Today as usual on Paddy’s Day we are at home working in the garden. We always plant some of our potatoes on this day. Ratte is the one we are planting today. Ratte is a lovely chestnut flavoured potato apparently much regarded by French chefs.
Best wishes to you all on this St. Patrick’s Day. Have a happy day!
A few days ago I was on the way to visit a friend when I decided to take a detour by Lough Gara. It was a day of very low cloud which meant everything was very still and quiet.
It was hard to tell where the sky ended and the water began.
Apart from an occasional car passing by and a few ducks quacking as they flew away the silence was beautiful. How often do we immerse ourselves in total silence these days. So soothing…
Seeing a little lane off the car parking area I decided to explore a bit further.
Soon my little adventure turned into a disturbing discovery. As I walked… an old TV…
beer bottles and cans littered the lovely Hazel and Birch woodland.
It saddens me to see our places of beauty ruined like this.
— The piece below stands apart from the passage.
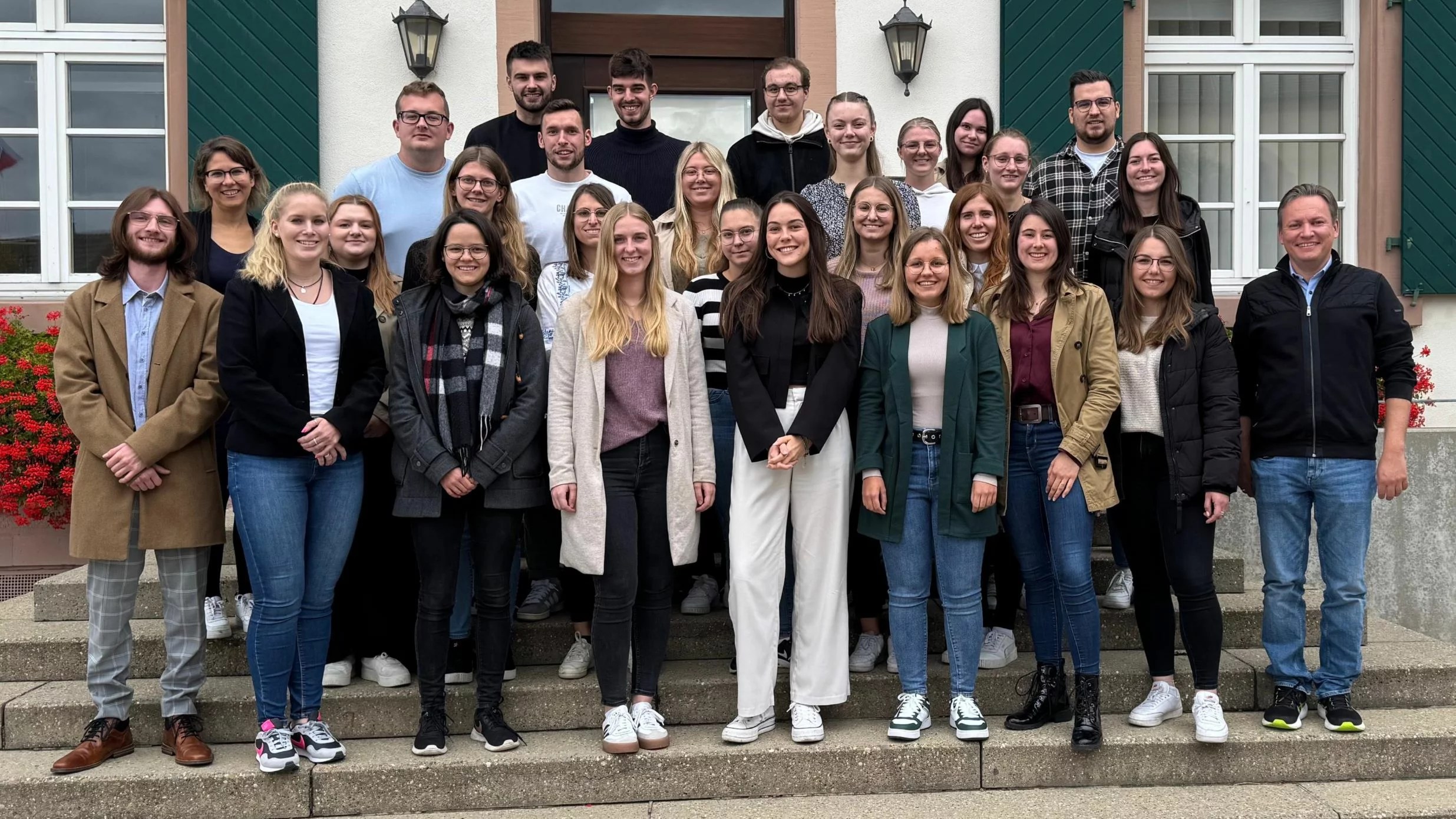 Zu Besuch bei der Stadt Rheinau Hochschule Kehl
Sad that people who are drawn here cannot take away their rubbish. They come for the solitude and beauty and destroy it with remnants of their enjoyment. Thoughtless!
The sad thing about this is that we now have plentiful recycling centres throughout the country. All electrical goods can be recycled free as can glass. Metal and other reusables can be taken to recycling centres where for the small sum of €3.50 one can get rid of a car load. Sometimes I despair of people…
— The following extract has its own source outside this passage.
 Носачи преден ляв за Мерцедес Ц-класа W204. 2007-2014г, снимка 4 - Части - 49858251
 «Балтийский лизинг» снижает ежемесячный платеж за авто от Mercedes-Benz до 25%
Before leaving I walked again by the lakeside just to lift my mood and reabsorb the positive vibes of the place. Next time I shall bring a bag and take away some of the rubbish.
This is a pile of twigs! Before your very eyes it will turn into a Scoodoo. If you want to know more about the tree spirits that are Scoodoos go to http://www.scoodoos.com. Under the tutelage of Ciaran Burke and his wife Hanna from Kilmovee, Co. Mayo we made our very own Scoodoo to go in the garden.
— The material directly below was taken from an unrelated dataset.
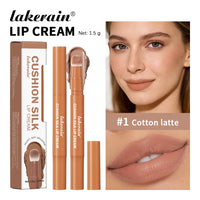 2-in-1 Cushion Lip Cream and Blurring Cheek Blush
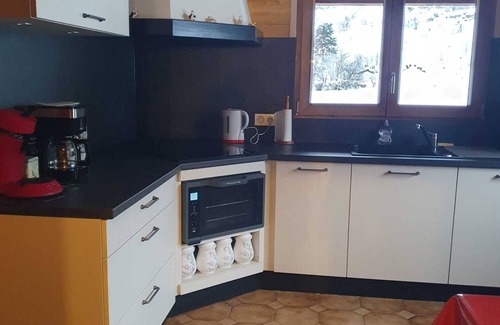 Chaux-Neuve Chalet De Ski | Joli châlet pour amoureux de la nature.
First you get some fresh branches or long twigs. Don’t use dried out stuff as it will be too brittle. The longer the branches the bigger your Scoodoo will be. So….take some branches and start putting them into a tall 2 litre pot.
Keep on adding branches until the pot is full.
Then take a roll of florist’s wire…attach it securely close to the base of one of the branches.
As you go up and around the branches start pulling the whole thing together with the wire. That’s Ciaran on the left helping Andy with our Scoodoo.
As you get towards the end it will taper off to form a “nose.” Secure the wire well and there you have it…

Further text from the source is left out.